Quarrying on the cliffs will have been a hazardous occupation with men suspended by ropes as they worked the vertical rock face. The whims were used to winch workers down and buckets of slate back up. The stone was extracted by hand using drills but also with explosives, and the value of the slate extracted clearly made this kind of hazardous and labour-intensive quarrying cost-effective.

The slate from the coastal quarries was dressed or split into thin, usable tiles in sheds at the top of the cliffs.

A good workman could split 100 dozen roofing slates in a day. Splitters worked 7.30am to 5.30pm with a half hour break. Some rag slates measured 6 ft by 2 ft, some were 18 inches square and sold at 2s.6d a dozen in 1888.

The slates were known by names relating to their size, which were (in inches): Queens 36x7, Duchess 24x14, Countesses 20x10, Ladies 16x9 and Doubles 12x7. Small roofing slates known as scantles measuring 9x5, 8x6,7x7 and 6x3 were cut by boys.

Slate from North Cornwall's quarries was used to make cisterns up to 2,000 gallons as well as corn chests, pig troughs, mangers, pump troughs, baths, salting troughs, milk coolers, larders, chimney tops, mantle pieces, window sills, garden edging and hedging, room skirting, lintels, quoins, rolling pins, candle sticks and ashtrays. Every Cornish churchyard has examples of slate headstones.

The finished stone was taken by tramways to be shipped from nearby wharves or transported by rail from Camelford Station. Any waste product was heaped up in spoil tips or if the quarry was by the coast, simply dumped in the sea.

==Industrial remains==
The remains of whims, dressing sheds and food and powder stores litter the cliffs above the quarries. Most are in a ruinous state but the offices, powerhouse and smithy belonging to Long Grass quarry now serve as Tintagel's youth hostel. Well-preserved whims can be seen at Lambshouse and Caroline quarries and the remains of a toolshed perches on the clifftop above Caroline quarry.

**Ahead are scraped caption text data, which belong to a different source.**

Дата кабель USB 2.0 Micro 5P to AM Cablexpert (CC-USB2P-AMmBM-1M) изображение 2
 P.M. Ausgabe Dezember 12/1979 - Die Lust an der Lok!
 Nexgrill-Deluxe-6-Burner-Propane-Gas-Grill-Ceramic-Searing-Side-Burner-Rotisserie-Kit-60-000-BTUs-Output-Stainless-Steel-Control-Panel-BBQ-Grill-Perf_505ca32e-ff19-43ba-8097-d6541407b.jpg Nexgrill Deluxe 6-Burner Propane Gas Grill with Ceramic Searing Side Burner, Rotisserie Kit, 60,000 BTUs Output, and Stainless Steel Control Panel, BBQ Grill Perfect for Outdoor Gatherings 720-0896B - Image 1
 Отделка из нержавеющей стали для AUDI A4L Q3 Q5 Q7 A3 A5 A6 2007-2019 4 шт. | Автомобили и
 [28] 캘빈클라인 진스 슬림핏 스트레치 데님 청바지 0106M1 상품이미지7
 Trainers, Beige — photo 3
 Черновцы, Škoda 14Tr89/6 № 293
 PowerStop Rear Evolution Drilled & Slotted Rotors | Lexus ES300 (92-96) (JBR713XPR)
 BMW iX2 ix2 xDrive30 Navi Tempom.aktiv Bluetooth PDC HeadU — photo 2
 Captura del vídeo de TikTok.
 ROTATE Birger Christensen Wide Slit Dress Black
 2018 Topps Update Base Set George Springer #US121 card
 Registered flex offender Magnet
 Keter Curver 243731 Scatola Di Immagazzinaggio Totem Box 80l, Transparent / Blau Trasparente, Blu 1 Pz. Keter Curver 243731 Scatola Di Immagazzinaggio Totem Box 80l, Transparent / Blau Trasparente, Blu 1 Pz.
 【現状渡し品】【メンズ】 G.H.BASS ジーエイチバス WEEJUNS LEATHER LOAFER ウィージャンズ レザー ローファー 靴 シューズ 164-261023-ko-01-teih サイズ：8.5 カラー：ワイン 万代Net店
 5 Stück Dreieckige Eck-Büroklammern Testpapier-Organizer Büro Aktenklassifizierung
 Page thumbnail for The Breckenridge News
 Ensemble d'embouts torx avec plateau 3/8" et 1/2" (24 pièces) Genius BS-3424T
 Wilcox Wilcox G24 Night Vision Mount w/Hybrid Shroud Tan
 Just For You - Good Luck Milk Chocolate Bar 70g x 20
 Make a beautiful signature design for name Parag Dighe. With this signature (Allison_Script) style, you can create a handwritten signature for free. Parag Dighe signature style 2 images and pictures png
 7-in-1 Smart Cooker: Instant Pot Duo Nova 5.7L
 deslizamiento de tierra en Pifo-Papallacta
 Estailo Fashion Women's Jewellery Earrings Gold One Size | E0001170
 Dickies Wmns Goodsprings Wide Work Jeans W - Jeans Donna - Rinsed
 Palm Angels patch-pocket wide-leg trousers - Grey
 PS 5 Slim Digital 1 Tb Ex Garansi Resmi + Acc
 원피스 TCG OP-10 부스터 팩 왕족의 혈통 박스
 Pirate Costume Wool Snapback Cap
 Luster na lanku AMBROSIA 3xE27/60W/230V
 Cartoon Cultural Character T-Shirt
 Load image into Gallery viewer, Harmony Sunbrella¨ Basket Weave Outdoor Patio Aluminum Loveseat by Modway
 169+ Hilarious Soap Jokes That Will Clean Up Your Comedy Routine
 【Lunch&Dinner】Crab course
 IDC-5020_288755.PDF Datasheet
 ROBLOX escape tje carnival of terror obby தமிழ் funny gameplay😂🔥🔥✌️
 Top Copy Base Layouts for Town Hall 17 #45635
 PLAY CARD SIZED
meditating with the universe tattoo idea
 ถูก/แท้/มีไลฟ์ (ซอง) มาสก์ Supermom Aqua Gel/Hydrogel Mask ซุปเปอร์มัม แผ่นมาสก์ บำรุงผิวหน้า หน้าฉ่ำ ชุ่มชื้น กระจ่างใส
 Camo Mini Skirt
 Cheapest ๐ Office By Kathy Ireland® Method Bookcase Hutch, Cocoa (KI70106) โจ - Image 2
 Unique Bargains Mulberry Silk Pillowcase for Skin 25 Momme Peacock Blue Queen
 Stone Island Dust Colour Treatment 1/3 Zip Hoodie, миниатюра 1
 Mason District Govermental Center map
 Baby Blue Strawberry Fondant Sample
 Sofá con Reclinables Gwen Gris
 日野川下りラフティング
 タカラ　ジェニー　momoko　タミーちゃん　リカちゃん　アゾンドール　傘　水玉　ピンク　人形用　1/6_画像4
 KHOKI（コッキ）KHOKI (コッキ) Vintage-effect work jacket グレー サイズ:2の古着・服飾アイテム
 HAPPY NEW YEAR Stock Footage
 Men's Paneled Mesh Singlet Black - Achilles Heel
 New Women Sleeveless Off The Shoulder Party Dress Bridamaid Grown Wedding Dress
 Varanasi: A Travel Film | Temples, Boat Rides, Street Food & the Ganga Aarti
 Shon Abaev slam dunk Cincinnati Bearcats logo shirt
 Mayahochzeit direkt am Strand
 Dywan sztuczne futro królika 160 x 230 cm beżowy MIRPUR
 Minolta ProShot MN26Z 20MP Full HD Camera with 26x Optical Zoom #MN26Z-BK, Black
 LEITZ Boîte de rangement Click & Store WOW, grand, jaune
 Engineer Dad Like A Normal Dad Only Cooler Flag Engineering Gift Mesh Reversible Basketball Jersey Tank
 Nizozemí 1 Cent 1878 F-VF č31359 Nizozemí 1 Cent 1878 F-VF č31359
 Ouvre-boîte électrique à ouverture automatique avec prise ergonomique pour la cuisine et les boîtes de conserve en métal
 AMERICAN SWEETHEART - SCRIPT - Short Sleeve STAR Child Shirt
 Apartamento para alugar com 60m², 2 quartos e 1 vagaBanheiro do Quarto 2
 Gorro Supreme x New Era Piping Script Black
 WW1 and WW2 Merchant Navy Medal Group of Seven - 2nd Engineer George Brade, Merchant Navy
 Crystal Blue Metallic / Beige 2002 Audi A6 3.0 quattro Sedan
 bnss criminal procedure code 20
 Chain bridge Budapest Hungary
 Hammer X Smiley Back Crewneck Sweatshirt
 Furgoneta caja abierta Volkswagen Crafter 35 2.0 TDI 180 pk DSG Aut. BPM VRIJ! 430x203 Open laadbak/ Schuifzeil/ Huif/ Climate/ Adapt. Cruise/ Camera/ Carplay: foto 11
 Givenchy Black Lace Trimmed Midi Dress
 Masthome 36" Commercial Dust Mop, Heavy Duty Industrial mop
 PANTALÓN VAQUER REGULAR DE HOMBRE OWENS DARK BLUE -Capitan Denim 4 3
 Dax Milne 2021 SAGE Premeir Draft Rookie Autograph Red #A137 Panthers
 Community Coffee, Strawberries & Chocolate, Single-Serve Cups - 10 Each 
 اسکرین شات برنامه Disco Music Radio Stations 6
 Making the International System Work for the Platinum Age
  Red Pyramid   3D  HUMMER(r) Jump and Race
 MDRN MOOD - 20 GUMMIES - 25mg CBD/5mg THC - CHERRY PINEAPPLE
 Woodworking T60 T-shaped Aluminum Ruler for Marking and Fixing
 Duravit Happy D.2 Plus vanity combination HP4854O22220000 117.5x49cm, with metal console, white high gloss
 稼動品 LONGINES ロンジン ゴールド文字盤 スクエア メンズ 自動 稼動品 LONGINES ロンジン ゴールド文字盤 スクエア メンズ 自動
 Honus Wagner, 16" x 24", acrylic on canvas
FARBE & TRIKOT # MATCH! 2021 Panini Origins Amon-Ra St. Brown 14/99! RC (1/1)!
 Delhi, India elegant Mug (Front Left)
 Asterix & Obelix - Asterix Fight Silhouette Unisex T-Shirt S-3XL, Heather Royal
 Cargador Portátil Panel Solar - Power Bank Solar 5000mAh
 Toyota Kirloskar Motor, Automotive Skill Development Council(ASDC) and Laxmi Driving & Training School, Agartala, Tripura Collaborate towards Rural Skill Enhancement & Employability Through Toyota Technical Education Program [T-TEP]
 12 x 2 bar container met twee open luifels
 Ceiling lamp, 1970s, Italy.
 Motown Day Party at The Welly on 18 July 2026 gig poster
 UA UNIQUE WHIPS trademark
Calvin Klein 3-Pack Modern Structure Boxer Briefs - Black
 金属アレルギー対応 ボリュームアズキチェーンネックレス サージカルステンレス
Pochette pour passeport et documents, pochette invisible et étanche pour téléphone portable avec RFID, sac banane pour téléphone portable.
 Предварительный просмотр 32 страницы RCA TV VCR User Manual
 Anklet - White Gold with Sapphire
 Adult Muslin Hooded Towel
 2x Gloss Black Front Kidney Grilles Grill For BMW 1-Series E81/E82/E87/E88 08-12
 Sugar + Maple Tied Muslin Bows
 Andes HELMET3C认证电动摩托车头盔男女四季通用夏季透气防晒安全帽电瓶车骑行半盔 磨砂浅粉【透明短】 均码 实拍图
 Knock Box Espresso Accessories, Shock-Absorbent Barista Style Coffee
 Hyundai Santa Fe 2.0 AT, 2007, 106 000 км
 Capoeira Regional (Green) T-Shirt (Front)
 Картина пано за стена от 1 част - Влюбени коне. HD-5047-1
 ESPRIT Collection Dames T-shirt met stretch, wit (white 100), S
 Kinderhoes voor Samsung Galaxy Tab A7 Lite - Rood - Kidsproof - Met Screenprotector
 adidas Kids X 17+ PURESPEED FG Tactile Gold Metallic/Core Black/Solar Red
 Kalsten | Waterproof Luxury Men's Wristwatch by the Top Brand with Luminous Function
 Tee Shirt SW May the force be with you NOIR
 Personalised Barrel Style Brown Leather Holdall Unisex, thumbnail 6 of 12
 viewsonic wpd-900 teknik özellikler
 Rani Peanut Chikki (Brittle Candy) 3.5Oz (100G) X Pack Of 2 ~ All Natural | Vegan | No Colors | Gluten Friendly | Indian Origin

Caroline quarry also has a large cave hacked into the cliff face by quarrymen - the cave gives its name to Hole Beach, a surfing beach below the quarry workings. In between Gull Point and Dria quarries is Penhallick Wharf, an abandoned loading dock cut into the side of the cliff, and another disused wharf can be found at Port William to the north of Trebarwith Strand.

The most visible quarry building in Tintagel is the engine house at the Prince of Wales quarry. Built in 1870, this once housed a Woolf compound beam engine that both pumped water out of the pit and hauled trucks of slate from the workings at nearby Bowithick quarry. The building was restored in 1976.

==Legacy==
Despite Tintagel having a centuries-old slate quarrying history, ever since the publication of Tennyson's Idylls of the King in 1859, the focus of tourism in the village has been on King Arthur. However these quarries are testament to an actual rather than a fictitious history. Despite many of them occupying a spectacular coastal location, there is currently no visitor centre, no tourists are directed here and the only informational signage in place is at the Prince of Wales site.